When I was growing up, my father was often unemployed for months at a time.
But they had put a very large down payment on the house we lived in, such that
their house payment was about 40% of what the neighbors were paying for nearly
identical houses. We had a garden and a good percentage of the meat we ate was
game, often hunted by my father.

So we tended to have not much money and generally had less income than the
neighbors, but we ate a helluva lot better than other folks around us. I lived
almost like people did 100 or more years ago, before work was about earning
money per se, when it was much more about literally putting food on the table.

I have a genetic disorder. It was diagnosed late in life, at age 35. I think
it took me that long to get sick enough to get diagnosed in part because I was
fed so well and I continued that tradition after I moved out.

I am currently homeless, somewhat by choice and somewhat not. This has been on
my mind a lot here lately: I wonder how much it is a real choice and how much
it is a lack of viable options. The short version is that the options
available to me failed to support my goal of getting well.

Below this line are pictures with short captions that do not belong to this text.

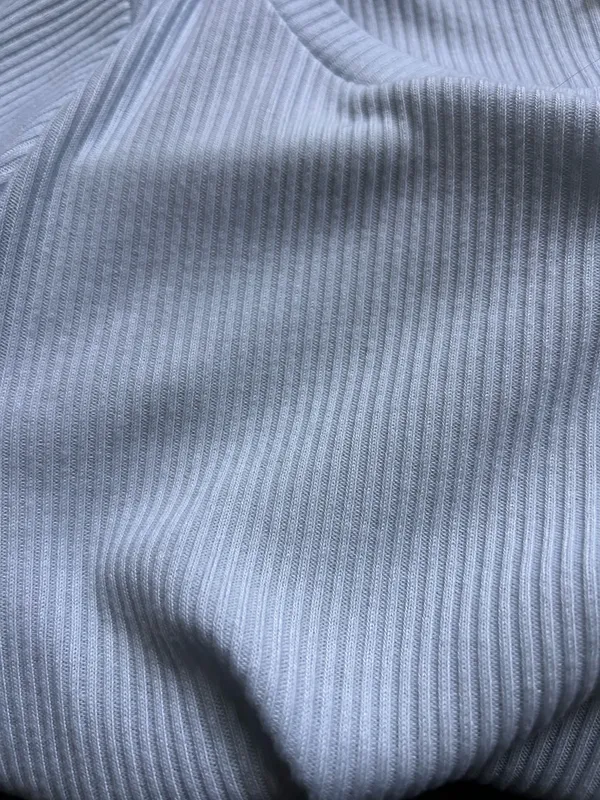 Charlotte Russe Ribbed T-Shirt - Image 3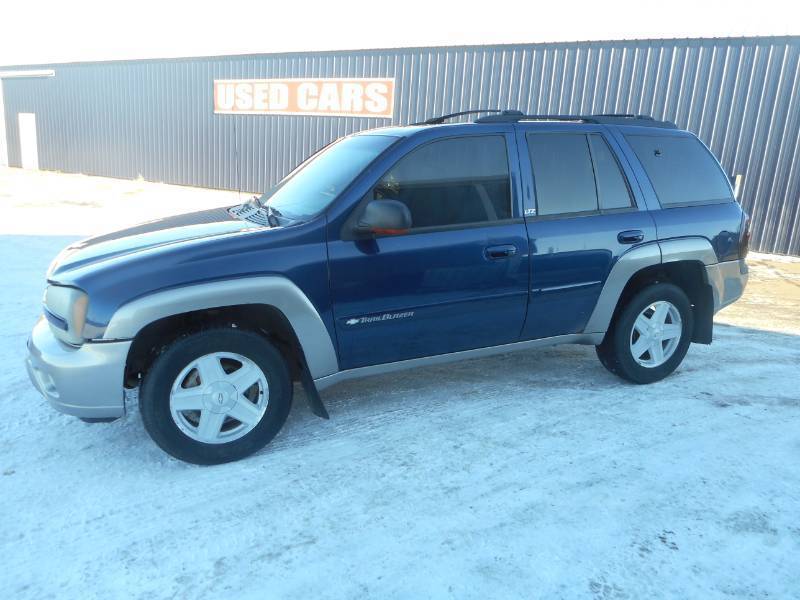 2002 Chevy Trailblazer 4x4 We Sell Your Stuff Inc Auction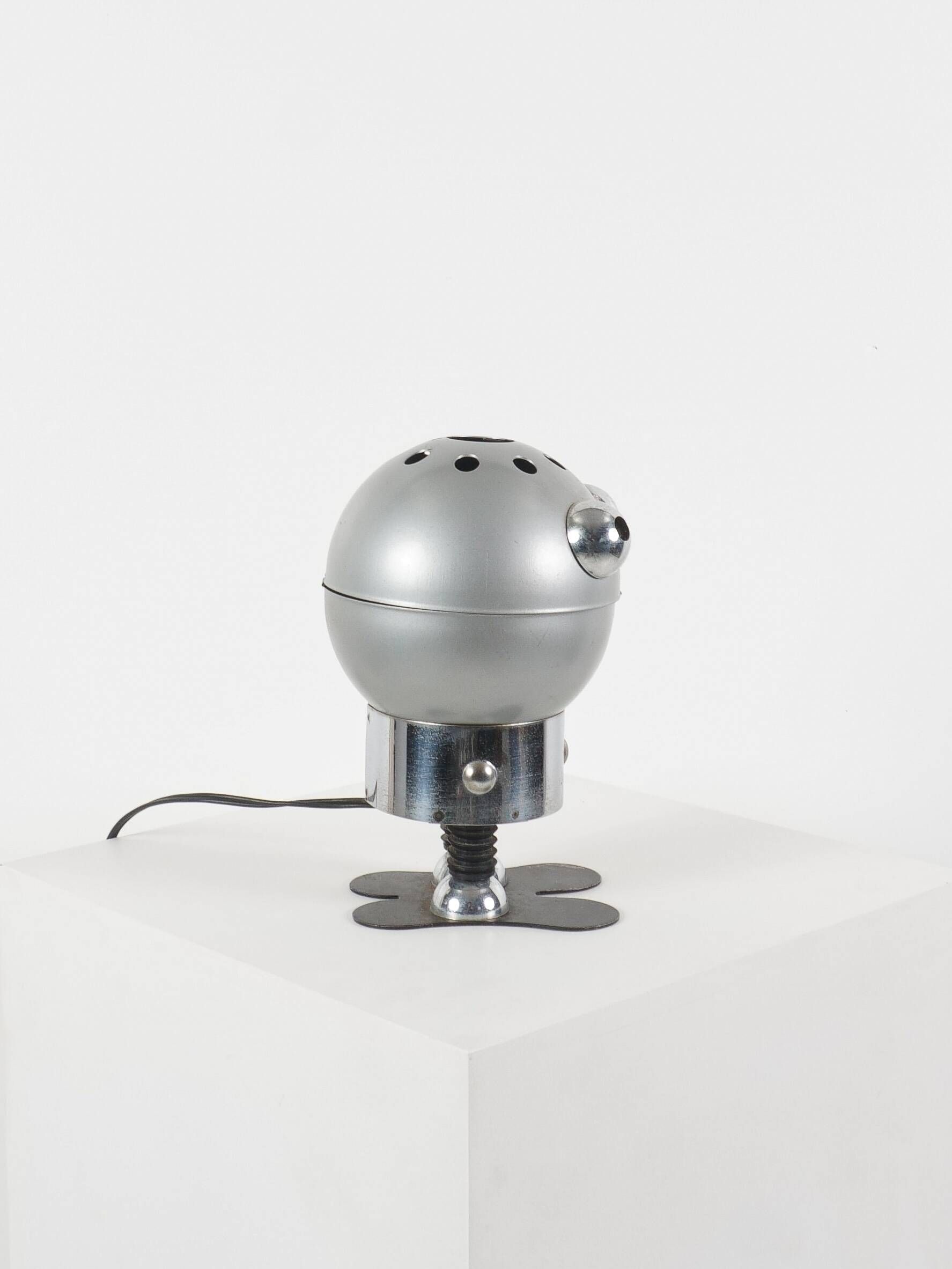 American work - Robot lamp, USA, 1970 - Satco edition - Metal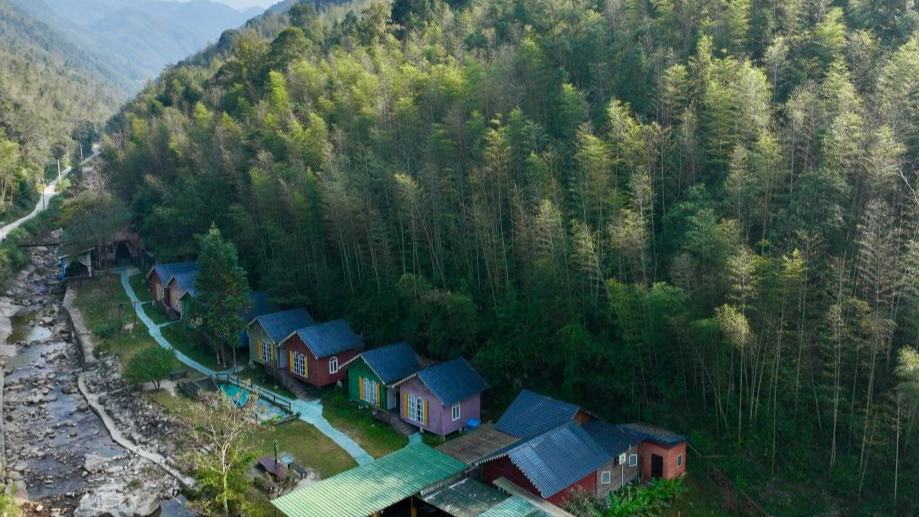 Homestays thrive in Shangyou County, China's Jiangxi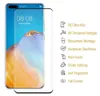 A smartphone screen protector is shown with its features listed. Produktbild-Vorschau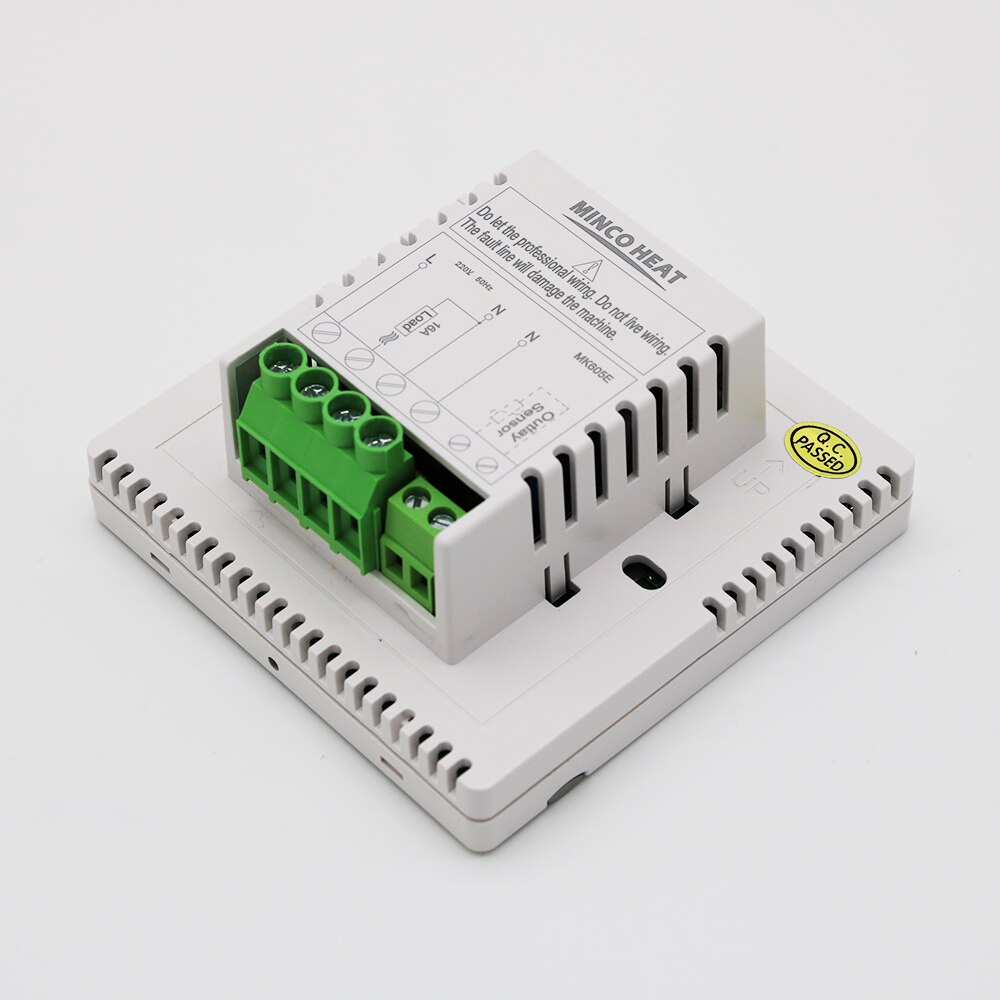 Digital Floor Heating Thermostat AC220V 16A Room Warm Temperature Controller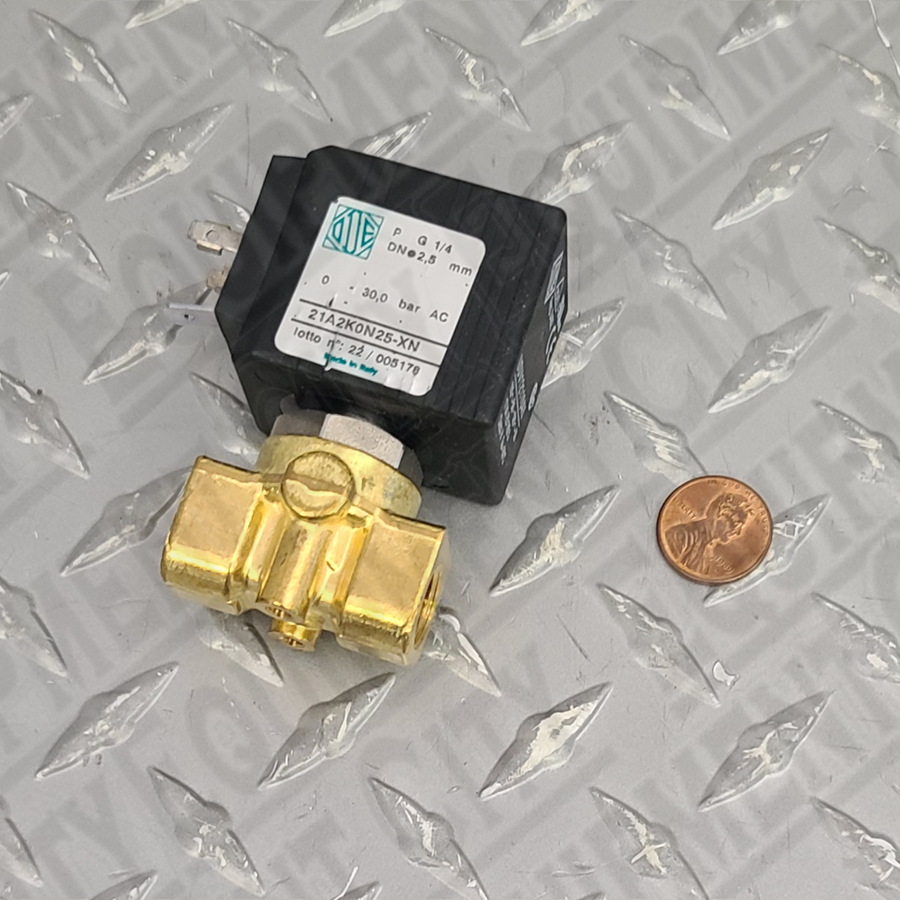 Mahle 025 80524 00  NG ACX  Oil Drain Solenoid Valve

And I am getting well. A very big part of how that is happening is based on
eating right. Part of the upshot of getting well is that my brain works
better.

For six months, I was homeless in La Jolla, one of the two most expensive zip
codes in the US. I was surrounded by college students from very wealthy
families who did things like flew home to another continent for Christmas and
told humorous stories about casually lost expensive electronics. These kids
were often envious of what I was eating. They made remarks that made it pretty
clear they really did not know how to properly feed themselves.

I don't know the answer. But I don't think this is about money per se. We seem
to think wealth is about having lots of stuff. As a society, I feel like we
have lost our way in some important way.

I wonder a lot how to solve that problem.

------
ArikBe
Jennifer Sheehy-Skeffington and Johannes Haushoffer wrote at length about the
behavioral economics of poverty:

[http://static.squarespace.com/static/52522308e4b0bcf2bc4dab4...](http://static.squarespace.com/static/52522308e4b0bcf2bc4dab45/t/545d7e36e4b0a8163fff9112/1415413302956/Sheehy-
Skeffington%2C+Haushofer+et+al+2014+Psychology+of+Poverty+%28all+chapters%29.pdf#page=98)

The whole PDF is in fact dedicated to outlining strategies for the reduction
of poverty.

The study quoted in the article about scarcity and cognitive performance by
Mani et al can be found here:

[http://psych.princeton.edu/~psych/psychology/research/shafir...](http://psych.princeton.edu/~psych/psychology/research/shafir/pubs/PovertyImpedesCognitiveFunction.pdf)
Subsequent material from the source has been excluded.